# Directions for this task:
Exact repetition of a range: find the line containing "まどあけずかん しょくぶつ 英語つき(小学館の図鑑NEO) [図鑑]" and the line containing "Howling Trail Hike: Tropical" in the material below, then repeat both and all lines between them, leaving pictures out.

** Opening Data for processing block **

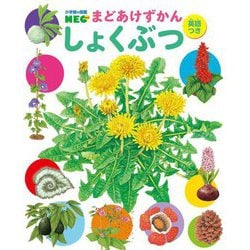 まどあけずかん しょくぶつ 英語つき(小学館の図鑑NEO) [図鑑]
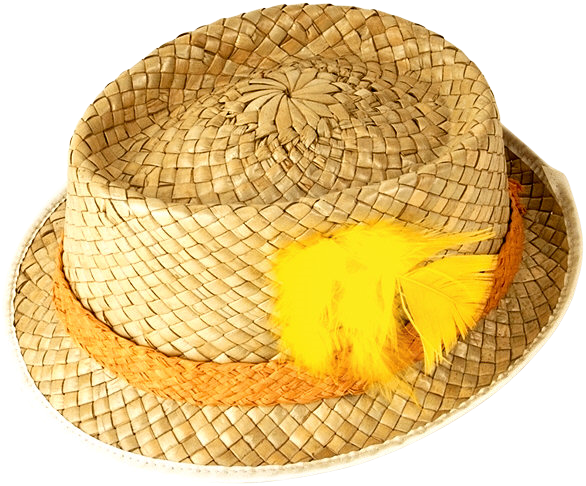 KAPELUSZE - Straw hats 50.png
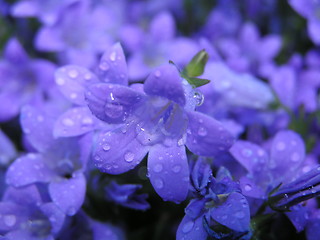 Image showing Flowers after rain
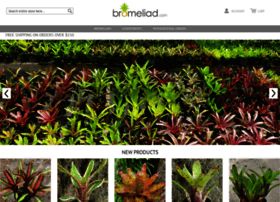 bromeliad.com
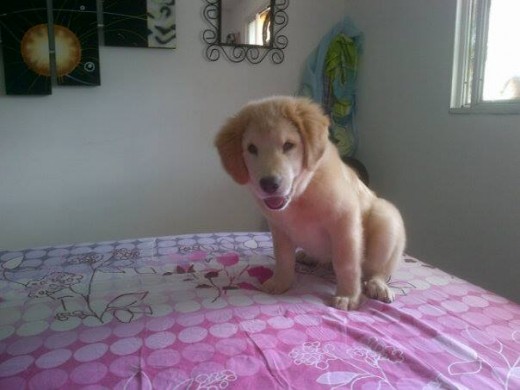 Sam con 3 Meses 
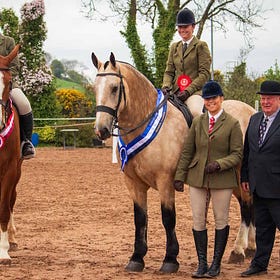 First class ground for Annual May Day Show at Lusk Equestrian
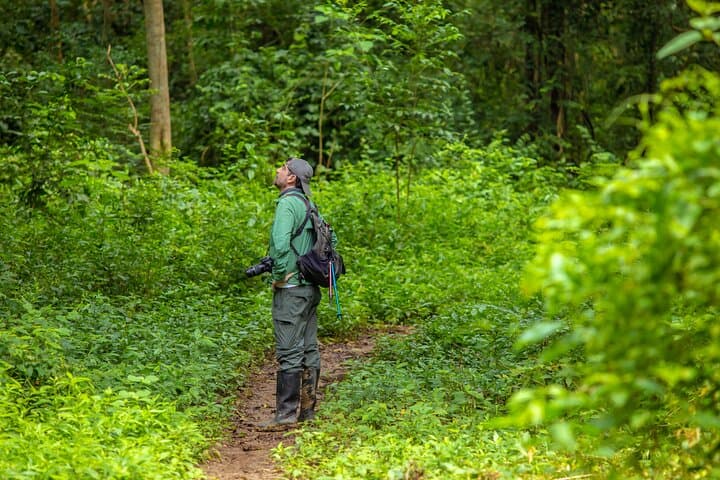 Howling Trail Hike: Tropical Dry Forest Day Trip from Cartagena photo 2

** Closing Data for processing block **
** Opening Data for processing block **

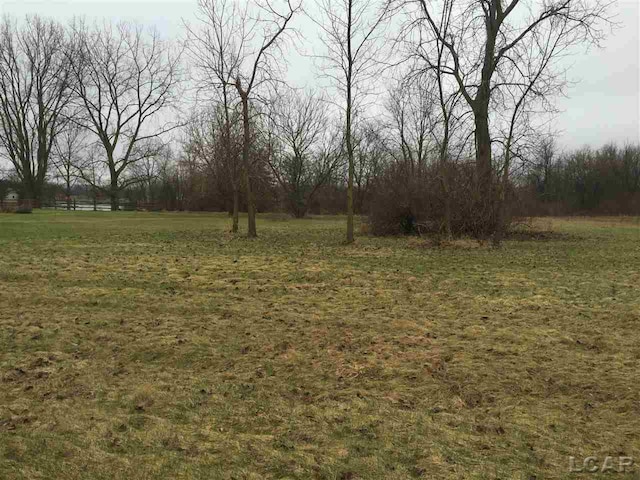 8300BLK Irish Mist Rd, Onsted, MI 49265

** Closing Data for processing block **

# Answer below:
 まどあけずかん しょくぶつ 英語つき(小学館の図鑑NEO) [図鑑]
 KAPELUSZE - Straw hats 50.png
 Image showing Flowers after rain
 bromeliad.com
 Sam con 3 Meses 
 First class ground for Annual May Day Show at Lusk Equestrian
 Howling Trail Hike: Tropical Dry Forest Day Trip from Cartagena photo 2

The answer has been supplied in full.